Collaboration Drives Discord‘s Appeal

Stepping back from the technical minutia, what fuels platforms like Discord to disrupt status quo reaching stratospheric adoption in short timeframes?

Discord hit the nail on its head by identifying collaboration as the internet‘s definitive progression in an increasingly connected world.

Cloud tools democratized remote work collaboration. Video chat solutions mitigated in-person meeting fatigue with flexible conferencing.

Discord goes one step further in enabling seamless informal community hangouts recreating offline vibes online in digital space.

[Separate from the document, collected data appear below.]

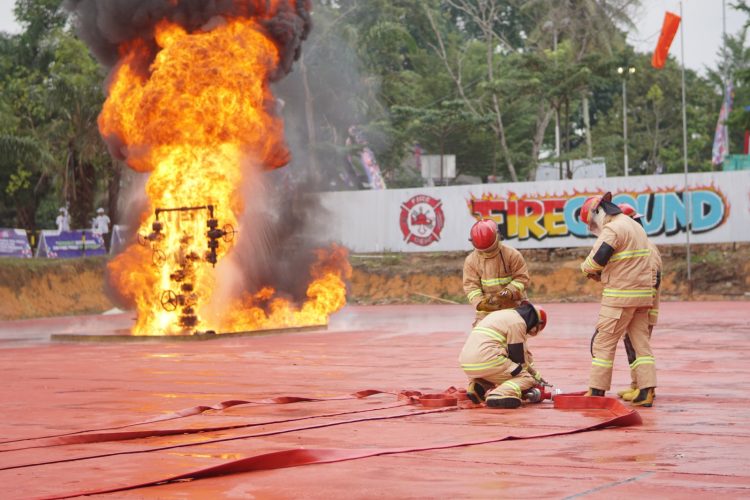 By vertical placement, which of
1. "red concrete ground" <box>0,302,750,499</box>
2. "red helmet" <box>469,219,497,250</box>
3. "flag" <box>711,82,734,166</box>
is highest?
"flag" <box>711,82,734,166</box>

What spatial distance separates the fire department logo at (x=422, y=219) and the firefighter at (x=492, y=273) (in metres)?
27.4

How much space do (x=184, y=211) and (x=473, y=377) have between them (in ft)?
44.9

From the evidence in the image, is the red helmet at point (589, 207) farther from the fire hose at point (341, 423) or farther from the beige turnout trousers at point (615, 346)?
the fire hose at point (341, 423)

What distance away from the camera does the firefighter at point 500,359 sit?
31.9 feet

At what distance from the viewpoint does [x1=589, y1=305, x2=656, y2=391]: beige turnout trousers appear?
983 cm

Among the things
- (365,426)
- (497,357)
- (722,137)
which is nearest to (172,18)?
(497,357)

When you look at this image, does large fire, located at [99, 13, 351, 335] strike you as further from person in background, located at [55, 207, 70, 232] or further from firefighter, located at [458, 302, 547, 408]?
person in background, located at [55, 207, 70, 232]

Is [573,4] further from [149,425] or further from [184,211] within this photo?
[149,425]

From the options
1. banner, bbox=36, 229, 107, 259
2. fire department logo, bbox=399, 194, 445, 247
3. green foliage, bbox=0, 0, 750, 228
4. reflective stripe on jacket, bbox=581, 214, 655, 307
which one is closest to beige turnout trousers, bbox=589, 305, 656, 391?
reflective stripe on jacket, bbox=581, 214, 655, 307

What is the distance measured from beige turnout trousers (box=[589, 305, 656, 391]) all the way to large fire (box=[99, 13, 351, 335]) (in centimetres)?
1289

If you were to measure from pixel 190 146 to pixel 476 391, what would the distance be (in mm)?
14546

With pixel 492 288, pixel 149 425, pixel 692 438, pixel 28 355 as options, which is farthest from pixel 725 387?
pixel 28 355

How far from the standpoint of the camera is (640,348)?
9.99 m

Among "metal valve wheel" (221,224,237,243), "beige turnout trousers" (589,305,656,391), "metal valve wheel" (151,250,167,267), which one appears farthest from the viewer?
"metal valve wheel" (151,250,167,267)
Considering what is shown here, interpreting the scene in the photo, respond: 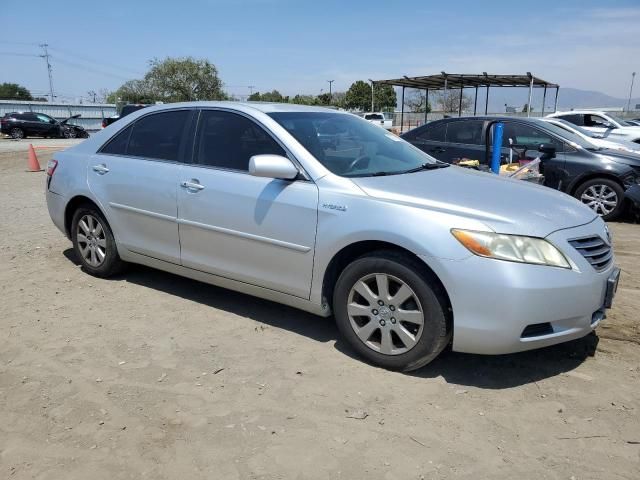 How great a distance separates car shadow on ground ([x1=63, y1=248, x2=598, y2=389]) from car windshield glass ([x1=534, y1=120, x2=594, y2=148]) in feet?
17.3

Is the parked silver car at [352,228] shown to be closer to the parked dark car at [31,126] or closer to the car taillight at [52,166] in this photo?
the car taillight at [52,166]

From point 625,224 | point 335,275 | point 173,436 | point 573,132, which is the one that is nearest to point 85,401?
point 173,436

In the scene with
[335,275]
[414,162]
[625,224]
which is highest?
[414,162]

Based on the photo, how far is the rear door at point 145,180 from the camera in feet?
14.1

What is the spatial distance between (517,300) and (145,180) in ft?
9.89

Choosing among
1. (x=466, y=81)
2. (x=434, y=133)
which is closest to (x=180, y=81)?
(x=466, y=81)

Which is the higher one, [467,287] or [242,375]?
[467,287]

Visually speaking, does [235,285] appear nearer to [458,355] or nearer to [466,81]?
[458,355]

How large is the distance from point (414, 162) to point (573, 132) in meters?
5.67

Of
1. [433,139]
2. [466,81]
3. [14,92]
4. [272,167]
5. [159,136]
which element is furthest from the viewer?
[14,92]

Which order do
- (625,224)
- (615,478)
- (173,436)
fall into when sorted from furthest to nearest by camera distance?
(625,224) → (173,436) → (615,478)

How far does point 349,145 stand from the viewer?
13.1ft

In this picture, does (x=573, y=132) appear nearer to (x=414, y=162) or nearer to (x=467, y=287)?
(x=414, y=162)

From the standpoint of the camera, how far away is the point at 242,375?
3342 mm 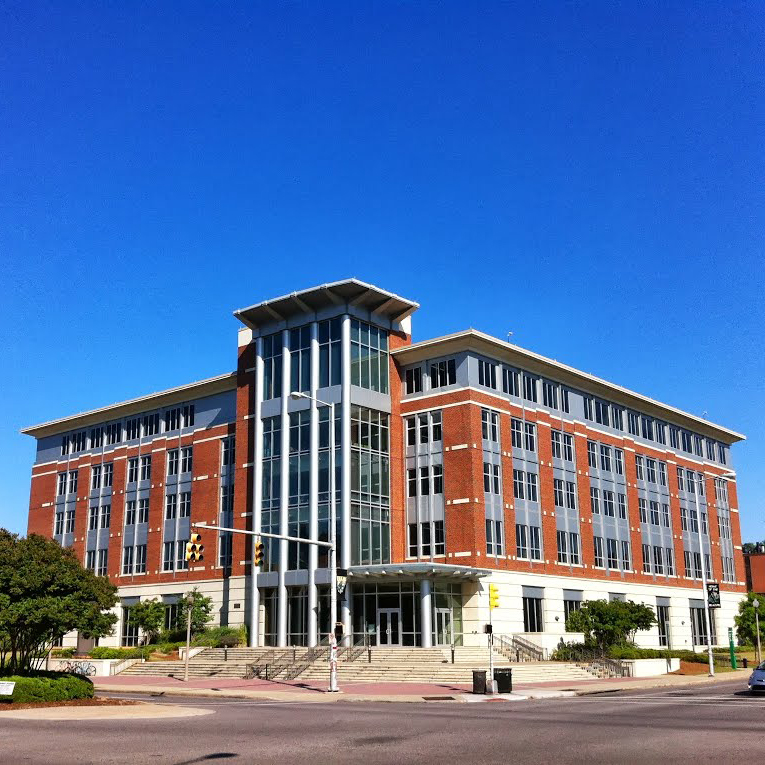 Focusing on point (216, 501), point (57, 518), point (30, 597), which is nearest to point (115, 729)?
point (30, 597)

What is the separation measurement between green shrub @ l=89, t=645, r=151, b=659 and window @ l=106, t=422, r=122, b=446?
67.7 feet

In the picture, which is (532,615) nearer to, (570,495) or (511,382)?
(570,495)

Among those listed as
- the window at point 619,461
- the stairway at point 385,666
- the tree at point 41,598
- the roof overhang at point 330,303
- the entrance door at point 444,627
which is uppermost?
the roof overhang at point 330,303

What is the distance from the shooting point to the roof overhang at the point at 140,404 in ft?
230

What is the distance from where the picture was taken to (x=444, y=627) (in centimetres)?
5525

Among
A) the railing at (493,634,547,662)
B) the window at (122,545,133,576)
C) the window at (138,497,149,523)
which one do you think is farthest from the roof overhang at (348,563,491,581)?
the window at (122,545,133,576)

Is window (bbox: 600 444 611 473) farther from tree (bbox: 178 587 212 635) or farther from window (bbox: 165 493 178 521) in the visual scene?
window (bbox: 165 493 178 521)

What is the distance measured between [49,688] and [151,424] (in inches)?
1886

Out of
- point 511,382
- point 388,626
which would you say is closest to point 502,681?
point 388,626

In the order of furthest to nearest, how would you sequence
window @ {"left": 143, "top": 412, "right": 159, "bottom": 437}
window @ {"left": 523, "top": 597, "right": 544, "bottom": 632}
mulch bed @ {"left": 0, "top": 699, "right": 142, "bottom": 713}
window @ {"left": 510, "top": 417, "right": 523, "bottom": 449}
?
window @ {"left": 143, "top": 412, "right": 159, "bottom": 437} < window @ {"left": 510, "top": 417, "right": 523, "bottom": 449} < window @ {"left": 523, "top": 597, "right": 544, "bottom": 632} < mulch bed @ {"left": 0, "top": 699, "right": 142, "bottom": 713}

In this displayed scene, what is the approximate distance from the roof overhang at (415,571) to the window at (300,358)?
13.1 m

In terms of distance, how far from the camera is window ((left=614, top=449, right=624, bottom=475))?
71875mm

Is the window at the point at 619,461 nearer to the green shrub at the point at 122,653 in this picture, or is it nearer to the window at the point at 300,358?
the window at the point at 300,358

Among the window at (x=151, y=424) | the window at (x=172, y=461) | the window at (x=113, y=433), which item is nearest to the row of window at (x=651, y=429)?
the window at (x=172, y=461) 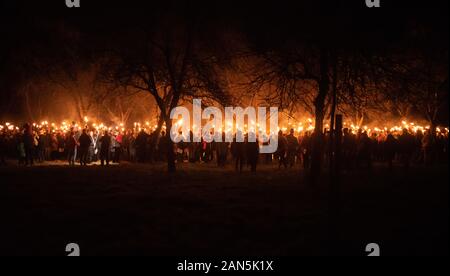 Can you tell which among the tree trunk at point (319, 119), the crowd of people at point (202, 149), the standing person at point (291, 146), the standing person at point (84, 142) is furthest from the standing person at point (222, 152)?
the tree trunk at point (319, 119)

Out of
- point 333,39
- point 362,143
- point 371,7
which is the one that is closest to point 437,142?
point 362,143

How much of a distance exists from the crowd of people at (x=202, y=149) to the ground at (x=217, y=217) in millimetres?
5595

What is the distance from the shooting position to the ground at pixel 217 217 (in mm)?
8367

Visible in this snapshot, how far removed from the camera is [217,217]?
426 inches

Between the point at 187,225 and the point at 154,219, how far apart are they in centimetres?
90

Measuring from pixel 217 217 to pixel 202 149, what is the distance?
17443mm

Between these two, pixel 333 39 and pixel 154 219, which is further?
pixel 333 39

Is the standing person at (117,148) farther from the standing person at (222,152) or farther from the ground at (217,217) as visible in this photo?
the ground at (217,217)

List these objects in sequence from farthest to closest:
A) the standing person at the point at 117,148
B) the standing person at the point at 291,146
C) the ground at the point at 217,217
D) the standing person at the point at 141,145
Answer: the standing person at the point at 141,145, the standing person at the point at 117,148, the standing person at the point at 291,146, the ground at the point at 217,217

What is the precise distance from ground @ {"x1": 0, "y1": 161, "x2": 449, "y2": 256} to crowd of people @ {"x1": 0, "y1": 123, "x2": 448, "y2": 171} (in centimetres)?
560

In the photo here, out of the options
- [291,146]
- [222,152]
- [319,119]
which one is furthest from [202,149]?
[319,119]

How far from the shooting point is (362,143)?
23.5 meters
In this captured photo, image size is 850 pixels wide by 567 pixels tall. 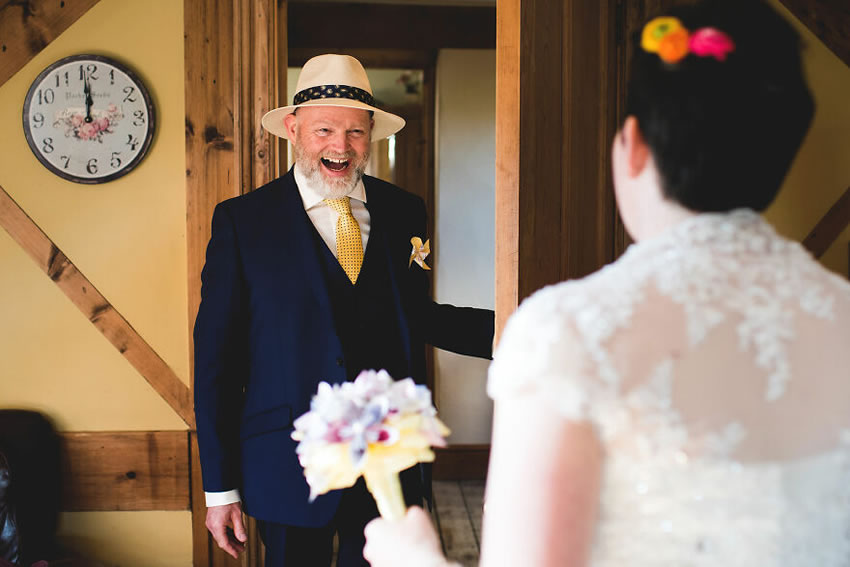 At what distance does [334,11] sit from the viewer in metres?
4.19

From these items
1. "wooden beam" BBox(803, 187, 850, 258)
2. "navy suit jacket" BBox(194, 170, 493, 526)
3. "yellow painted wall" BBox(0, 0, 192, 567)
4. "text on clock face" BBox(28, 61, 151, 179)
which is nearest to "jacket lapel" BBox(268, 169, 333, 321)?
"navy suit jacket" BBox(194, 170, 493, 526)

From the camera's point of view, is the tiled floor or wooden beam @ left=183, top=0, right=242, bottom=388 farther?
the tiled floor

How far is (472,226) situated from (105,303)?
2.30 m

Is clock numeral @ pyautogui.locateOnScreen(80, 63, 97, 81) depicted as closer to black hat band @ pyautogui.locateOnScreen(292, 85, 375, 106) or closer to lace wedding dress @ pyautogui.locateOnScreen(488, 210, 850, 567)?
black hat band @ pyautogui.locateOnScreen(292, 85, 375, 106)

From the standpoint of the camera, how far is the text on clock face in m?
2.76

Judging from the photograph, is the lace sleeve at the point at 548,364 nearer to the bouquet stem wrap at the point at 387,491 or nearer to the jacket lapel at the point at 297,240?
the bouquet stem wrap at the point at 387,491

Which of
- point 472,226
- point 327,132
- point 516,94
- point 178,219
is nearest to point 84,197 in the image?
point 178,219

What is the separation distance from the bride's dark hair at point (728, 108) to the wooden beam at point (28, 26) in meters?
2.64

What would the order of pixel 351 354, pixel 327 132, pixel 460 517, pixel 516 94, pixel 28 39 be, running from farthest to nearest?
pixel 460 517 → pixel 28 39 → pixel 327 132 → pixel 351 354 → pixel 516 94

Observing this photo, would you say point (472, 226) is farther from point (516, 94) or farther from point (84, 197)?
point (516, 94)

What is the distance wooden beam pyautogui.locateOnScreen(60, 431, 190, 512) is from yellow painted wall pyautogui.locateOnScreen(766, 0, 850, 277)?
2.64m

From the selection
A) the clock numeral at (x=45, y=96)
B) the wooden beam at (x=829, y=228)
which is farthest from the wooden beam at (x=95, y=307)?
the wooden beam at (x=829, y=228)

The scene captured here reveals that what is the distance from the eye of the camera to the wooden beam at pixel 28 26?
8.96 feet

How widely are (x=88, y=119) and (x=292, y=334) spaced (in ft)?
4.72
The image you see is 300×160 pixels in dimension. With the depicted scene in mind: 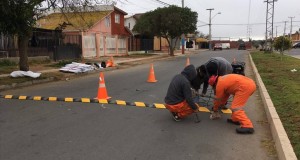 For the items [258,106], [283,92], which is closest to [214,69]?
[258,106]

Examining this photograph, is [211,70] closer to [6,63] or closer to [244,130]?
[244,130]

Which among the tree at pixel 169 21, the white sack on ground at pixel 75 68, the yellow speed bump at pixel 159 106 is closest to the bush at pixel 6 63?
→ the white sack on ground at pixel 75 68

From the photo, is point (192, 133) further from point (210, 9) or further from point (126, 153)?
point (210, 9)

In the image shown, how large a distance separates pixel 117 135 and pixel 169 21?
36.4 metres

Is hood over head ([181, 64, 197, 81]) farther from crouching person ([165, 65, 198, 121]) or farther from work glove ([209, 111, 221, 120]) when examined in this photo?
work glove ([209, 111, 221, 120])

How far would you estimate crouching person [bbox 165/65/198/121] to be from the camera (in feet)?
22.8

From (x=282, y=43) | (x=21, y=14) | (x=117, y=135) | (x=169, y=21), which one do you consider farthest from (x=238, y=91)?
(x=169, y=21)

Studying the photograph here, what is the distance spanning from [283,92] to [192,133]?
4854 millimetres

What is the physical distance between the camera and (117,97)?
33.3ft

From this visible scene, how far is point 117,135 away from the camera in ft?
20.0

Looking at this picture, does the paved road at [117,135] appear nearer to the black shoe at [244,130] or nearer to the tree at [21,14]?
the black shoe at [244,130]

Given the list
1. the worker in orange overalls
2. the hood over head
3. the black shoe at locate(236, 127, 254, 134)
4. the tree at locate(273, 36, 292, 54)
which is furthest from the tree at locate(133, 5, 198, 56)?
the black shoe at locate(236, 127, 254, 134)

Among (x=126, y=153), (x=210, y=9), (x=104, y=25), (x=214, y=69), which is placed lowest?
(x=126, y=153)

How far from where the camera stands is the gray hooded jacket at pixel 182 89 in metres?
6.89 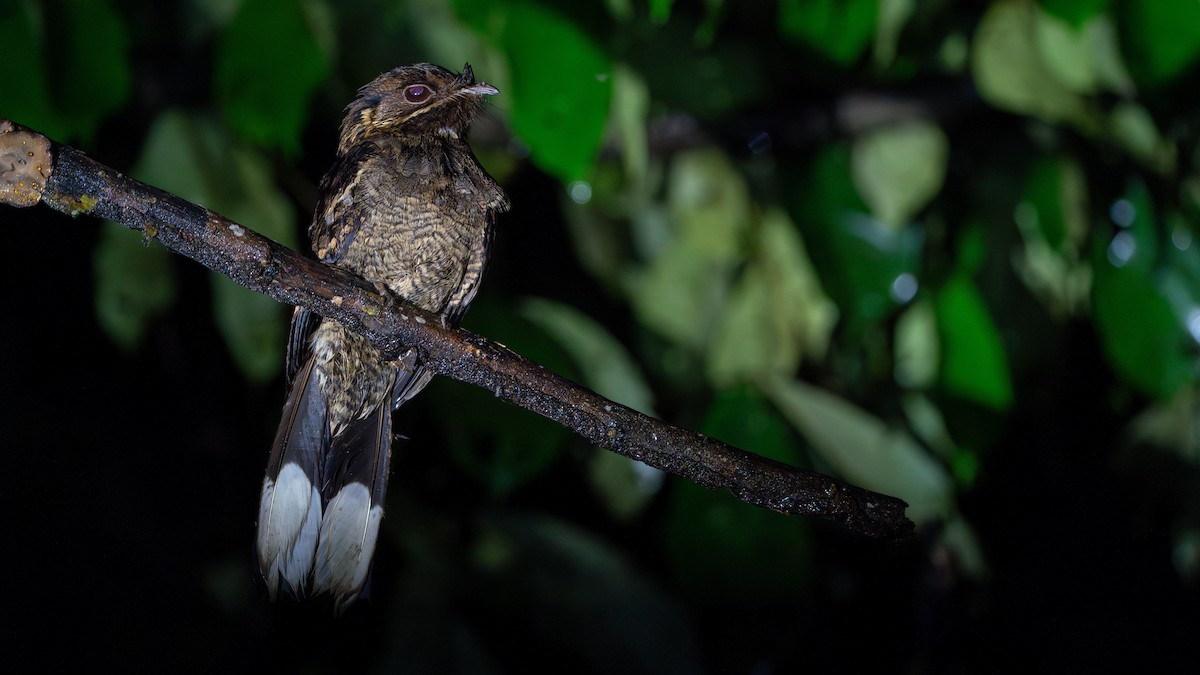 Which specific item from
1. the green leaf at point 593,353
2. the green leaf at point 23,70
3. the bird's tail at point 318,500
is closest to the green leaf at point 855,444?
the green leaf at point 593,353

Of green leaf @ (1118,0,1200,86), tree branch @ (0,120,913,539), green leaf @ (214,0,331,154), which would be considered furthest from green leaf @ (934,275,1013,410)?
green leaf @ (214,0,331,154)

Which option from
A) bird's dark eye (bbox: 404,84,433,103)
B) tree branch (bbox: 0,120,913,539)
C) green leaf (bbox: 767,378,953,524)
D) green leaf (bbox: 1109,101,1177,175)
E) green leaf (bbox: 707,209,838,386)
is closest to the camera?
tree branch (bbox: 0,120,913,539)

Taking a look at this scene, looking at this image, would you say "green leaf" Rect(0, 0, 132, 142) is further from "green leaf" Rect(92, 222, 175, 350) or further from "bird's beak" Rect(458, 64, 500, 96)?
"bird's beak" Rect(458, 64, 500, 96)

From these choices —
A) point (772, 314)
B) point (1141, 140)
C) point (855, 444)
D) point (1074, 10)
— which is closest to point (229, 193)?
point (772, 314)

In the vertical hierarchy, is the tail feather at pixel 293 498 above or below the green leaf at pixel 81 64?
below

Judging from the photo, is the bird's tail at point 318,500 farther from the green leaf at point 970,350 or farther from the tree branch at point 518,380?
the green leaf at point 970,350

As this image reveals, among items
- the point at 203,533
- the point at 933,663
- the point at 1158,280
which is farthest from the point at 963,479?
the point at 203,533

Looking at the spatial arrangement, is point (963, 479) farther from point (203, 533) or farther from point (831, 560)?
point (203, 533) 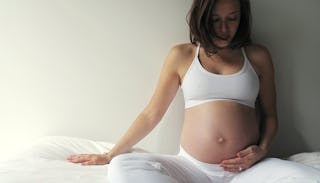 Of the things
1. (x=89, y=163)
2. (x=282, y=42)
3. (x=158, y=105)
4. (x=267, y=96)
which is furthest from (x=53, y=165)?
(x=282, y=42)

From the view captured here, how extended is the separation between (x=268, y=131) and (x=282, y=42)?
0.40 metres

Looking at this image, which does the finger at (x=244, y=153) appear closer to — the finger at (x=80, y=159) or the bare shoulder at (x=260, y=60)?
the bare shoulder at (x=260, y=60)

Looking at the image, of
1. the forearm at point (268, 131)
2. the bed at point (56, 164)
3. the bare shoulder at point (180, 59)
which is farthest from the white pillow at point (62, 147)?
the forearm at point (268, 131)

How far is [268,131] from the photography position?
1.39 metres

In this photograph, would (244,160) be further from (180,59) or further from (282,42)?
(282,42)

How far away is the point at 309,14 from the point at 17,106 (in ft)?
4.24

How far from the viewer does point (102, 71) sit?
1498 mm

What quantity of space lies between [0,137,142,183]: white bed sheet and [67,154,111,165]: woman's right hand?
0.08 ft

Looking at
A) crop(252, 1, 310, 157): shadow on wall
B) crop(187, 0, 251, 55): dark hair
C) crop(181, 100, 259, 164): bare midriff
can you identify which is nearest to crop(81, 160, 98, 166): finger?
crop(181, 100, 259, 164): bare midriff

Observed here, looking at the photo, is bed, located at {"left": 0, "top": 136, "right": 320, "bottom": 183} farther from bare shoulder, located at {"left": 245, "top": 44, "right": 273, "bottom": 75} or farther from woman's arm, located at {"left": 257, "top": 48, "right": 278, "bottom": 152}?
bare shoulder, located at {"left": 245, "top": 44, "right": 273, "bottom": 75}

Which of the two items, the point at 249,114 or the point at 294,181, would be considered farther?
the point at 249,114

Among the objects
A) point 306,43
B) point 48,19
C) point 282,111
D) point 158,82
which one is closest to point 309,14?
point 306,43

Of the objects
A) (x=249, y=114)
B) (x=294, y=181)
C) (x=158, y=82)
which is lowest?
(x=294, y=181)

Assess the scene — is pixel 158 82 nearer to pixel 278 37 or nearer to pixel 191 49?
pixel 191 49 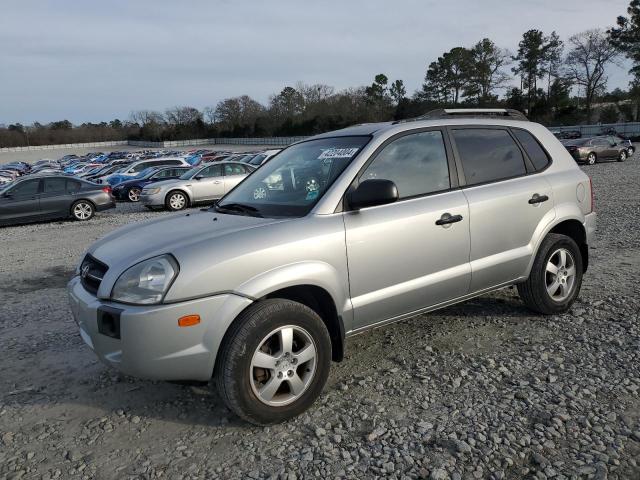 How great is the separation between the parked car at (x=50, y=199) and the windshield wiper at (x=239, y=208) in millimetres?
12776

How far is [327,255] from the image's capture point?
3.35 m

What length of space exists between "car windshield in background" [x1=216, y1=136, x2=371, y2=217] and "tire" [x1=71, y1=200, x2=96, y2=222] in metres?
12.7

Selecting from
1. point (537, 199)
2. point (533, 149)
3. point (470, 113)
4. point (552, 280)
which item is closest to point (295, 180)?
point (470, 113)

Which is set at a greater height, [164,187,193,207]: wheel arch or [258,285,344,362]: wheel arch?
[258,285,344,362]: wheel arch

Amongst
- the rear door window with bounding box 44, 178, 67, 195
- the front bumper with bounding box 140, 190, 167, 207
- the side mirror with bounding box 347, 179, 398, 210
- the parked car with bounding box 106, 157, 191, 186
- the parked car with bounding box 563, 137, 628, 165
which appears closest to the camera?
→ the side mirror with bounding box 347, 179, 398, 210

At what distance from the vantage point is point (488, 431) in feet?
10.1

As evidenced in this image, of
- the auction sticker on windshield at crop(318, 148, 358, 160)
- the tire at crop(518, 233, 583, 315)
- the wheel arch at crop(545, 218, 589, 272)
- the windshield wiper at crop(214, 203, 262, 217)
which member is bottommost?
the tire at crop(518, 233, 583, 315)

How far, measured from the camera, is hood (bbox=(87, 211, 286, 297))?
309cm

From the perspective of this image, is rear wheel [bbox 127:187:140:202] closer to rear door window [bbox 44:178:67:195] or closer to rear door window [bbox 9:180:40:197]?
rear door window [bbox 44:178:67:195]

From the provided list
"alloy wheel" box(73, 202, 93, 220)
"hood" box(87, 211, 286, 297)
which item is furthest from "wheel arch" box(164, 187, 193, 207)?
"hood" box(87, 211, 286, 297)

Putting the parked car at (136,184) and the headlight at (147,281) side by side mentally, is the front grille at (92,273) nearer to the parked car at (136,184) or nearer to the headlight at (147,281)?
the headlight at (147,281)

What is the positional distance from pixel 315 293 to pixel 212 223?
87 centimetres

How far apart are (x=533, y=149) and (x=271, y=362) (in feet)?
10.6

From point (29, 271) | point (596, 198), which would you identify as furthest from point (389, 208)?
point (596, 198)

150 million monthly active aficionados resonate with its purpose-built modern communication format fusing text, audio and video topped by community focus.

Whether for coordinating multiplayer gaming sessions or moonlighting entrepreneurs ideating projects, Discord scaled as the platform of choice stepping in where legacy tools fell short facilitating fluid, vibrant information exchange.

And the key driver for these viral information hubs is building belonging through shared interest rather than real-world identity.

Which is why I remain invested in responsibly expanding my contribution administering some truly great communities blossoming on Discord now enriching my own personal growth trajectory!

Conclusion

I hope this 3k-word guide shed light into the fascinating technical depths one can uncover under Discord‘s smooth friendly interface. We discovered how the platform leverages state of the art ephemeral caching servers for delivering that signature real-time communication workflow.

Unfortunately, the same infrastructure poses limitations around retrieving deleted messages…or so it would seem!

Acknowledging legitimate use cases, I walked through my personal journey experimenting with BetterDiscord and MessageLogger plugins to reliably log deleted Discord messages.

Of course, retaining sensitive information calls for thoughtful access policies upholding principles of relative privacy, proportional access and procedural fairness.

Discord‘s astronomical success has shown platform experience trumps features in cementing loyalty. And their community focused blueprint interweaving communication models strikes the right chords.

Now back to pondering my next cracking challenge – Is it possible to scrape messages from video call history…? 😉

Let me know what you thought of this guide in comments!